Abstract:RATIONALE AND OBJECTIVES: Sodium and proton magnetic resonance imaging ((23)Na/(1)H-MRI) have shown that muscle and skin can store Na(+) without water. In chronic renal failure and in heart failure, Na(+) mobilization occurs, but is variable depending on age, dialysis vintage, and other features. Na(+) storage depots have not been studied in patients with acute kidney injury (AKI). MATERIALS AND METHODS: We studied 7 patients with AKI (mean age: 51.7 years; range: 25-84) and 14 age-matched and gender-matched healthy controls. All underwent (23)Na/(1)H-MRI at the calf. Patients were studied before and after acute hemodialysis therapy within 5-6 days. The (23)Na-MRI produced grayscale images containing Na(+) phantoms, which served to quantify Na(+) contents. A fat-suppressed inversion recovery sequence was used to quantify H2O content. RESULTS: Plasma Na(+) levels did not change. Mean Na(+) contents in muscle and skin did not significantly change following four to five cycles of hemodialysis treatment (before therapy: 32.7 +/- 6.9 and 44.2 +/- 13.5 mmol/L, respectively; after dialysis: 31.7 +/-10.2 and 42.8+/- 11.8 mmol/L, respectively; P > .05).
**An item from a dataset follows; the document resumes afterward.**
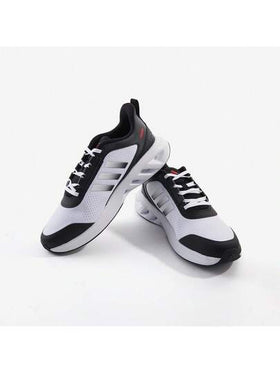 Adidas حذاء رياضي جديد للرجال والنساء لممارسة رياضة الجري والجري بدون كعب مصنوع من شبكة قابلة للتنفس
Water content measurements did not differ significantly before and after hemodialysis in muscle and skin (P > .05). Na(+) contents in calf muscle and skin of patients before hemodialysis were significantly higher than in healthy subjects (16.6+/-2.1 and 17.9+/-3.2) and remained significantly elevated after hemodialysis. CONCLUSIONS: Na(+) in muscle and skin accumulates in patients with AKI and, in contrast to patients receiving chronic hemodialysis and those with acute heart failure, is not mobilized with hemodialysis within 5-6 days.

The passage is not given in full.